Pedestrian Intention Prediction for Autonomous Driving

Naveed Riad will defended his PhD thesis on May 26, 2026.

What is the thesis about?

Artificial Intelligence has become a cornerstone of intelligent transportation systems (ITS), where anticipating human behavior has a direct impact on road safety. Pedestrian intention prediction (PIP), which determines whether a pedestrian will cross in front of an ego-vehicle, is a critical task that enables autonomous systems to perform proactive and safe maneuvers.
However, progress in PIP has been hindered by three persistent challenges: the scarcity of diverse labeled datasets, the dependence on costly manual labeling, and the complexity of multi-modal approaches that limit real-time deployment.

To address dataset scarcity, this thesis introduces PedSynth, a CARLA based synthetic dataset providing diverse crossing (C) and non-crossing (NC) scenarios that complement real-world datasets such as JAAD and PIE. Building on this, we propose PedGNN, a lightweight graph-based recurrent model that leverages pedestrian skeleton sequences for crossing prediction, optimized for onboard deployment with fast inference and minimal memory footprint.

To overcome manual labeling bottlenecks, we propose S2R-UDA-CP, a synth-to-real unsupervised domain adaptation procedure that combines a synthetic dataset (PedSynth) with an untrained PedGNN to automatically generate C/NC labels for real-world videos. Evaluations with state-of-the-art models like ST-CrossingPose and PedGraph+ show that training on these automatic labels yields performance comparable to human-labeled data, while revealing insights into labeling practices.

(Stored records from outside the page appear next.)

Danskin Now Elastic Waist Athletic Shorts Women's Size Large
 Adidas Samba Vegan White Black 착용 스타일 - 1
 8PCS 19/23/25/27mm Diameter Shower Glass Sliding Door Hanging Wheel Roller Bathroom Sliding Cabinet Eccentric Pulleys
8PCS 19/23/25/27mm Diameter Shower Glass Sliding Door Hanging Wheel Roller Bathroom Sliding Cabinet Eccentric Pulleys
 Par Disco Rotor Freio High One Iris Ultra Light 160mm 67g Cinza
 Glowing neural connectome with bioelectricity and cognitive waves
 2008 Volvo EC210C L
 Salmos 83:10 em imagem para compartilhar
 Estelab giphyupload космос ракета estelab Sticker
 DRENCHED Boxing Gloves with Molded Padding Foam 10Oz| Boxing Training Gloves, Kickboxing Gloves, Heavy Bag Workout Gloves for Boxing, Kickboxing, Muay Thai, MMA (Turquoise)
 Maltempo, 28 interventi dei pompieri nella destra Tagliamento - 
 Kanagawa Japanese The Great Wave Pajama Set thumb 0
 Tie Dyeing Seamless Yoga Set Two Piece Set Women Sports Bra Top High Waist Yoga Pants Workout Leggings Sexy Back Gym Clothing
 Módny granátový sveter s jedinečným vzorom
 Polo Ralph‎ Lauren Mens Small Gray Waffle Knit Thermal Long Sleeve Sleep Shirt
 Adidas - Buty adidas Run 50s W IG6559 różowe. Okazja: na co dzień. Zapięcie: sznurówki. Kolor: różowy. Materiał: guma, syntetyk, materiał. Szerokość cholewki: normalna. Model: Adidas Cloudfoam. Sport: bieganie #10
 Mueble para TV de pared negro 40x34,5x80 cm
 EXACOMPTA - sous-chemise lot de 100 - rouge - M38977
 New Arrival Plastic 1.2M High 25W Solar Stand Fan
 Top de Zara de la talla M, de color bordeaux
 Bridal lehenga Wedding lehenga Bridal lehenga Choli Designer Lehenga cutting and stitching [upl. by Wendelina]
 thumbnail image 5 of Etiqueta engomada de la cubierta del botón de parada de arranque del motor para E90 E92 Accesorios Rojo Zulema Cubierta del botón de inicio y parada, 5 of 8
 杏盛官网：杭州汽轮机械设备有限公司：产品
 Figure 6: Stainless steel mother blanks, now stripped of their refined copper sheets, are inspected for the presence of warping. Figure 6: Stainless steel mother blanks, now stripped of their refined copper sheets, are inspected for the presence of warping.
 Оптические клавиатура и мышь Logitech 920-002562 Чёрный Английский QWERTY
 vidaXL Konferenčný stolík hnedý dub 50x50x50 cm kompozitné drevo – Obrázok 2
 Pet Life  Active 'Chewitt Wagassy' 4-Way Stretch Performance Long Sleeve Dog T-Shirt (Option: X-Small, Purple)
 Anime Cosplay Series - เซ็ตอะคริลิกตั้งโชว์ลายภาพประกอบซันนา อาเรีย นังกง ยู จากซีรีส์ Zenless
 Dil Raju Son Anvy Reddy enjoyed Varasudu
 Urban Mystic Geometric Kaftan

Finally, to reduce model complexity, we develop PedGT, a graph-based transformer that combines GCNs for spatial reasoning with transformer encoders for temporal modeling, operating solely on skeleton keypoints and bounding box centers. PedGT achieves state-of-the-art F1-score and recall on PIE and JAAD, and within S2R-UDA-CP attains the highest accuracy with superior training stability. Together, these contributions pave the way for accurate, robust, and real-time PIP systems, strengthening the safety of autonomous driving and ADAS.

Keywords

Intelligent transportation systems (ITS), Vision-based autonomous driving, pedestrian intention prediction, Graph Neural Networks
(GNN), Transformer Models, Synthetic Dataset Generation, Intelligent Transportation Systems (ITS)